-- PROVIDED RECORDS follows --

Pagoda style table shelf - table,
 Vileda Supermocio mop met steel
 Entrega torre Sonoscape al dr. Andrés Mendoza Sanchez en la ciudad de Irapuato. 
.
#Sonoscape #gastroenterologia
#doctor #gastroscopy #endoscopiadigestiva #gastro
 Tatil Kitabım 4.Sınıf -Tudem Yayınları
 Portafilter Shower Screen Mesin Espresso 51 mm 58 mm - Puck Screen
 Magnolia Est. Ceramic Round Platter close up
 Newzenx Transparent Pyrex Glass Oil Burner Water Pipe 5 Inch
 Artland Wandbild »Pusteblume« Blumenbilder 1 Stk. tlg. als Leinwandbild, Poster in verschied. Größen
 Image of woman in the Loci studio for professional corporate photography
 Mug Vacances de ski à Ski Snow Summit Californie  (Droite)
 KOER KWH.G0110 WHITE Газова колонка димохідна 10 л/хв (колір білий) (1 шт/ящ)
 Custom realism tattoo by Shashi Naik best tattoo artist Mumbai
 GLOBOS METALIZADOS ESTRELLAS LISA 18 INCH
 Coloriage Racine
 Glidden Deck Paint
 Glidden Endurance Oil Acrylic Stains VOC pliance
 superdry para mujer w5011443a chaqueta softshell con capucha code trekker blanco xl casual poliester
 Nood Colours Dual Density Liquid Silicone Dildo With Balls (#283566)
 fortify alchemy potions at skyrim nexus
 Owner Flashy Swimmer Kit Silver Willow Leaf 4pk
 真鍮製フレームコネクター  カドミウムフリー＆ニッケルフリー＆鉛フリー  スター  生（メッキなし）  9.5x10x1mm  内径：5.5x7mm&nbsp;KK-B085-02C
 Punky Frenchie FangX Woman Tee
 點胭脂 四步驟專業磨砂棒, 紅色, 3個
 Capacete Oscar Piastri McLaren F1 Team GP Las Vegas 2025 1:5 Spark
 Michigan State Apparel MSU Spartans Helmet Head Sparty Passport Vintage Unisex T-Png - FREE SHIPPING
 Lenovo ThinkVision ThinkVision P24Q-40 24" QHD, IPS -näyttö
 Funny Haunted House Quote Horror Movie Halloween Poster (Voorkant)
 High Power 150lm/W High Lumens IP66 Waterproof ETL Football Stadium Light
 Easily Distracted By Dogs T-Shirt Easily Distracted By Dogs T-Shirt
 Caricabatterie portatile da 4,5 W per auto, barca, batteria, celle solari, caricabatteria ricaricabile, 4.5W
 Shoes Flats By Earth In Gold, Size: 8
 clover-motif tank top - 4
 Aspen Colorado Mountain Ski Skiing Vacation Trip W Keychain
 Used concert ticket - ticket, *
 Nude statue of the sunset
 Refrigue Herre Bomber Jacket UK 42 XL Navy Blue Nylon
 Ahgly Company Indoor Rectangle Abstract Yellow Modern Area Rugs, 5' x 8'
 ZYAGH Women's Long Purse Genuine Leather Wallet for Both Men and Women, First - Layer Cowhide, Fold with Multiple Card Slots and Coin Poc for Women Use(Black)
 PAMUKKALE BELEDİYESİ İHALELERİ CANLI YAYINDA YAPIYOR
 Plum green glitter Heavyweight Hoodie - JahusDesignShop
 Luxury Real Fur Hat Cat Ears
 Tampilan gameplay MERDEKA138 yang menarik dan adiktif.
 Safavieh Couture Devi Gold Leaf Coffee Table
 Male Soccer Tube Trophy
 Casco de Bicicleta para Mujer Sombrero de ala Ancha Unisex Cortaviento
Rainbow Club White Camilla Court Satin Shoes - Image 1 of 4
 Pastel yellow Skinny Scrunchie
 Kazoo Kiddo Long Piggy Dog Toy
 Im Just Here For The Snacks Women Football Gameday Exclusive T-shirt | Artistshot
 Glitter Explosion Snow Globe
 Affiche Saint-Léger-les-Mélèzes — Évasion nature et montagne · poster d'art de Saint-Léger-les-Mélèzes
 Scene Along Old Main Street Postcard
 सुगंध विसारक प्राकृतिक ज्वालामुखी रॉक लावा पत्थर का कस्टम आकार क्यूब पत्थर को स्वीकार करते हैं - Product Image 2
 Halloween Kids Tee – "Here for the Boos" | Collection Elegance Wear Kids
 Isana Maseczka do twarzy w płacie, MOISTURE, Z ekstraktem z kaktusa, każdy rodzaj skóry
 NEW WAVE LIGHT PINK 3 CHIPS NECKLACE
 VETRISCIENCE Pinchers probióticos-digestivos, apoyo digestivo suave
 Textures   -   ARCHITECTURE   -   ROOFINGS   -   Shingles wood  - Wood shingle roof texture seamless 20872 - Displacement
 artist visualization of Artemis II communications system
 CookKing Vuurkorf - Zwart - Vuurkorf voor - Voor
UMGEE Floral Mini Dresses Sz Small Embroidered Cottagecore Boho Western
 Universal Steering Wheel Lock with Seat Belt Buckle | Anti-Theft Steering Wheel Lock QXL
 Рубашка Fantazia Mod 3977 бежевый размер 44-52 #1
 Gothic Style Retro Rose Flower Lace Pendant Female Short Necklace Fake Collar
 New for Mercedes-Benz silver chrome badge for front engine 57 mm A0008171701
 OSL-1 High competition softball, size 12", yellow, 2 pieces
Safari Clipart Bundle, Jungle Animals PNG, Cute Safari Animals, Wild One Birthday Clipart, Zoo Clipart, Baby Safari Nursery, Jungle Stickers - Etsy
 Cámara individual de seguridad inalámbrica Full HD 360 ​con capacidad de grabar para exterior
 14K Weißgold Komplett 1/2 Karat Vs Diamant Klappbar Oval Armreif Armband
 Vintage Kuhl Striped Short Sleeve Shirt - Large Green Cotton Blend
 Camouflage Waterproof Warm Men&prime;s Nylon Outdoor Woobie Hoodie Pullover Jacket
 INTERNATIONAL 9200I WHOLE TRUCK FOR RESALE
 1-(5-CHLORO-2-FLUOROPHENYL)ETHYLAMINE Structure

-- PROVIDED RECORDS concluded --

*PROBLEM DETAILS*
Print every entry exactly as it appears.

*WRITTEN REPLY*
Pagoda style table shelf - table,
 Vileda Supermocio mop met steel
 Entrega torre Sonoscape al dr. Andrés Mendoza Sanchez en la ciudad de Irapuato. 
.
#Sonoscape #gastroenterologia
#doctor #gastroscopy #endoscopiadigestiva #gastro
 Tatil Kitabım 4.Sınıf -Tudem Yayınları
 Portafilter Shower Screen Mesin Espresso 51 mm 58 mm - Puck Screen
 Magnolia Est. Ceramic Round Platter close up
 Newzenx Transparent Pyrex Glass Oil Burner Water Pipe 5 Inch
 Artland Wandbild »Pusteblume« Blumenbilder 1 Stk. tlg. als Leinwandbild, Poster in verschied. Größen
 Image of woman in the Loci studio for professional corporate photography
 Mug Vacances de ski à Ski Snow Summit Californie  (Droite)
 KOER KWH.G0110 WHITE Газова колонка димохідна 10 л/хв (колір білий) (1 шт/ящ)
 Custom realism tattoo by Shashi Naik best tattoo artist Mumbai
 GLOBOS METALIZADOS ESTRELLAS LISA 18 INCH
 Coloriage Racine
 Glidden Deck Paint
 Glidden Endurance Oil Acrylic Stains VOC pliance
 superdry para mujer w5011443a chaqueta softshell con capucha code trekker blanco xl casual poliester
 Nood Colours Dual Density Liquid Silicone Dildo With Balls (#283566)
 fortify alchemy potions at skyrim nexus
 Owner Flashy Swimmer Kit Silver Willow Leaf 4pk
 真鍮製フレームコネクター  カドミウムフリー＆ニッケルフリー＆鉛フリー  スター  生（メッキなし）  9.5x10x1mm  内径：5.5x7mm&nbsp;KK-B085-02C
 Punky Frenchie FangX Woman Tee
 點胭脂 四步驟專業磨砂棒, 紅色, 3個
 Capacete Oscar Piastri McLaren F1 Team GP Las Vegas 2025 1:5 Spark
 Michigan State Apparel MSU Spartans Helmet Head Sparty Passport Vintage Unisex T-Png - FREE SHIPPING
 Lenovo ThinkVision ThinkVision P24Q-40 24" QHD, IPS -näyttö
 Funny Haunted House Quote Horror Movie Halloween Poster (Voorkant)
 High Power 150lm/W High Lumens IP66 Waterproof ETL Football Stadium Light
 Easily Distracted By Dogs T-Shirt Easily Distracted By Dogs T-Shirt
 Caricabatterie portatile da 4,5 W per auto, barca, batteria, celle solari, caricabatteria ricaricabile, 4.5W
 Shoes Flats By Earth In Gold, Size: 8
 clover-motif tank top - 4
 Aspen Colorado Mountain Ski Skiing Vacation Trip W Keychain
 Used concert ticket - ticket, *
 Nude statue of the sunset
 Refrigue Herre Bomber Jacket UK 42 XL Navy Blue Nylon
 Ahgly Company Indoor Rectangle Abstract Yellow Modern Area Rugs, 5' x 8'
 ZYAGH Women's Long Purse Genuine Leather Wallet for Both Men and Women, First - Layer Cowhide, Fold with Multiple Card Slots and Coin Poc for Women Use(Black)
 PAMUKKALE BELEDİYESİ İHALELERİ CANLI YAYINDA YAPIYOR
 Plum green glitter Heavyweight Hoodie - JahusDesignShop
 Luxury Real Fur Hat Cat Ears
 Tampilan gameplay MERDEKA138 yang menarik dan adiktif.
 Safavieh Couture Devi Gold Leaf Coffee Table
 Male Soccer Tube Trophy
 Casco de Bicicleta para Mujer Sombrero de ala Ancha Unisex Cortaviento
Rainbow Club White Camilla Court Satin Shoes - Image 1 of 4
 Pastel yellow Skinny Scrunchie
 Kazoo Kiddo Long Piggy Dog Toy
 Im Just Here For The Snacks Women Football Gameday Exclusive T-shirt | Artistshot
 Glitter Explosion Snow Globe
 Affiche Saint-Léger-les-Mélèzes — Évasion nature et montagne · poster d'art de Saint-Léger-les-Mélèzes
 Scene Along Old Main Street Postcard
 सुगंध विसारक प्राकृतिक ज्वालामुखी रॉक लावा पत्थर का कस्टम आकार क्यूब पत्थर को स्वीकार करते हैं - Product Image 2
 Halloween Kids Tee – "Here for the Boos" | Collection Elegance Wear Kids
 Isana Maseczka do twarzy w płacie, MOISTURE, Z ekstraktem z kaktusa, każdy rodzaj skóry
 NEW WAVE LIGHT PINK 3 CHIPS NECKLACE
 VETRISCIENCE Pinchers probióticos-digestivos, apoyo digestivo suave
 Textures   -   ARCHITECTURE   -   ROOFINGS   -   Shingles wood  - Wood shingle roof texture seamless 20872 - Displacement
 artist visualization of Artemis II communications system
 CookKing Vuurkorf - Zwart - Vuurkorf voor - Voor
UMGEE Floral Mini Dresses Sz Small Embroidered Cottagecore Boho Western
 Universal Steering Wheel Lock with Seat Belt Buckle | Anti-Theft Steering Wheel Lock QXL
 Рубашка Fantazia Mod 3977 бежевый размер 44-52 #1
 Gothic Style Retro Rose Flower Lace Pendant Female Short Necklace Fake Collar
 New for Mercedes-Benz silver chrome badge for front engine 57 mm A0008171701
 OSL-1 High competition softball, size 12", yellow, 2 pieces
Safari Clipart Bundle, Jungle Animals PNG, Cute Safari Animals, Wild One Birthday Clipart, Zoo Clipart, Baby Safari Nursery, Jungle Stickers - Etsy
 Cámara individual de seguridad inalámbrica Full HD 360 ​con capacidad de grabar para exterior
 14K Weißgold Komplett 1/2 Karat Vs Diamant Klappbar Oval Armreif Armband
 Vintage Kuhl Striped Short Sleeve Shirt - Large Green Cotton Blend
 Camouflage Waterproof Warm Men&prime;s Nylon Outdoor Woobie Hoodie Pullover Jacket
 INTERNATIONAL 9200I WHOLE TRUCK FOR RESALE
 1-(5-CHLORO-2-FLUOROPHENYL)ETHYLAMINE Structure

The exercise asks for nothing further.